But really all that technical shit is so secondary to just being nice.
Nice is the skeleton key to power structures.
We often think about power structures in a top down sense. But power structures aren't a one-way street. You can navigate them in both directions. You can traverse them from the bottom up.
What Steven Spielberg understood about networking
I grew up on movie sets. I loved my dad so much that I just wanted to be near him and see him work. But you don’t actually get to spend much time with your father when your father is the star of a film. So I spent most of my time with two people who worked for my dad: Sonny Aprile and Audrey Bamber. They worked on all of his films. Audrey was his assistant and Sonny was his driver.

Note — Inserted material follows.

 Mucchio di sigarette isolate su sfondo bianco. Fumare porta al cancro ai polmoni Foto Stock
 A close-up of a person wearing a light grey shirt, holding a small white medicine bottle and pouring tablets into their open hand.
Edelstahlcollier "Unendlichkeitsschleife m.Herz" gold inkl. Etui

Audrey and Sonny played a huge role in raising me. And each taught me things about those film sets.
Audrey became my dad’s assistant in the early 80s. She had been in a typing pool at, I want to say, Universal. Her first job working for my dad was organizing my parents' wedding.
Sonny was a knock-around guy who began working for my dad in the late 70s.

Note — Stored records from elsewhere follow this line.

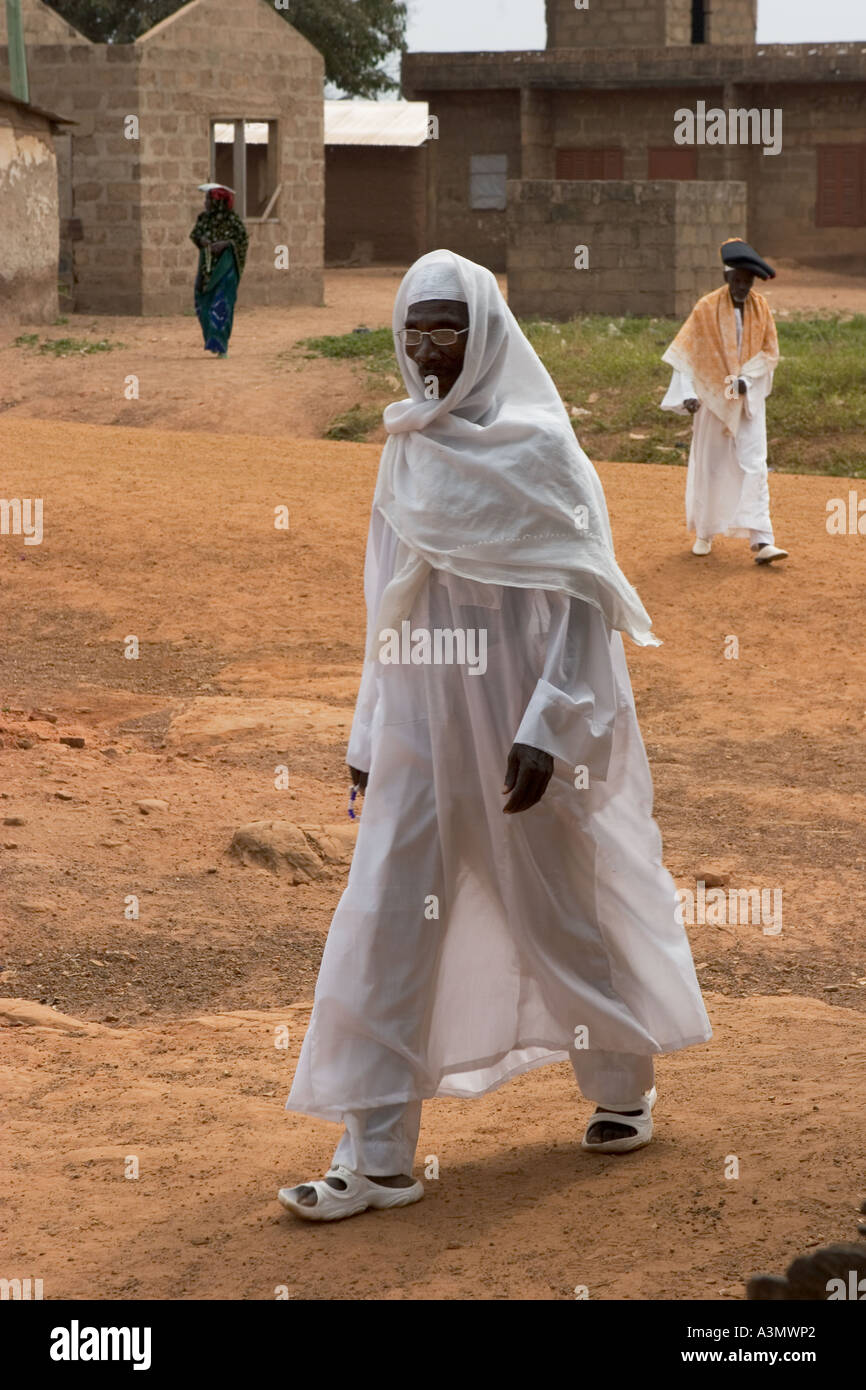 Villager going to Friday Prayers at Larabanga Mosque, Larabanga, Northern Ghana, West Africa. Stock Photo
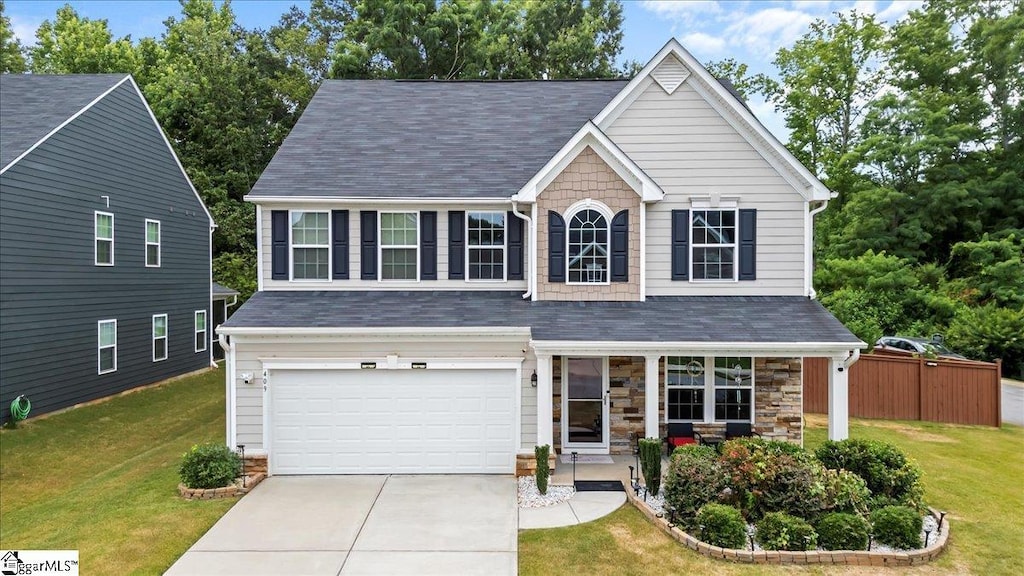 traditional-style home featuring a garage, stone siding, concrete driveway, and a front yard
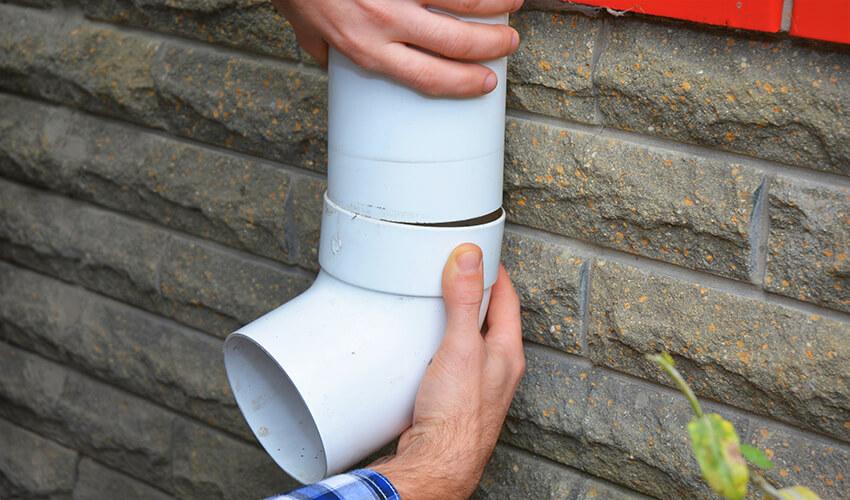 blog-img--contractors-hands -installing-rain-gutter-downspout-pipe.jpg
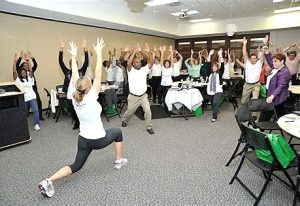 Large group of workers doing group stretches at a conference. workplace health promotion program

There is a famous story about Steven Spielberg. He’s told it lots of times and it’s been questioned lots of times. It goes something like this:
Steven was a teen and wanted to work in movies. He couldn’t get on the backlot at Warner Brothers because he was just some kid. So, he walked backward passed the guard house. No one noticed. He found himself on the lot and free to roam. He wandered around and eventually found himself an empty office. He took it over and filled it with various pieces of furniture from the lot. Just by being on the lot, he would run into people with real jobs and he would befriend them. He would talk up his ideas and his “projects” and so on. This worked to great success. People with actual work would think “blah blah blah and anyway I'm going to throw this job to this kid I met a few doors down.”
A few months into this, someone figured out what was happening. The head of the study said “get this kid out” and told that to someone and they told that to someone and they told that to a teamster. “Throw this kid out.”
So a teamster walks into the office and tells Steven to hit the bricks and walks him to the gate and throws him out.
That teamster was Sonny.
Then 15 years later Sonny is my dad’s driver and he tells my dad this story. My dad says “well we’re about to do Close Encounters” and Sonny says “Steven won’t want to see me.” And my dad, who loved Sonny like a brother, says “you’re coming.” And Sonny, who was a chronic smoker and by the 90s had a laryngectomy, would tell me about how my dad walked up to Steven and said “I want you to meet my driver” and Steven looked over and Sonny, a huge big guy, leaned in and waved like a contrite school girl. “Hello!”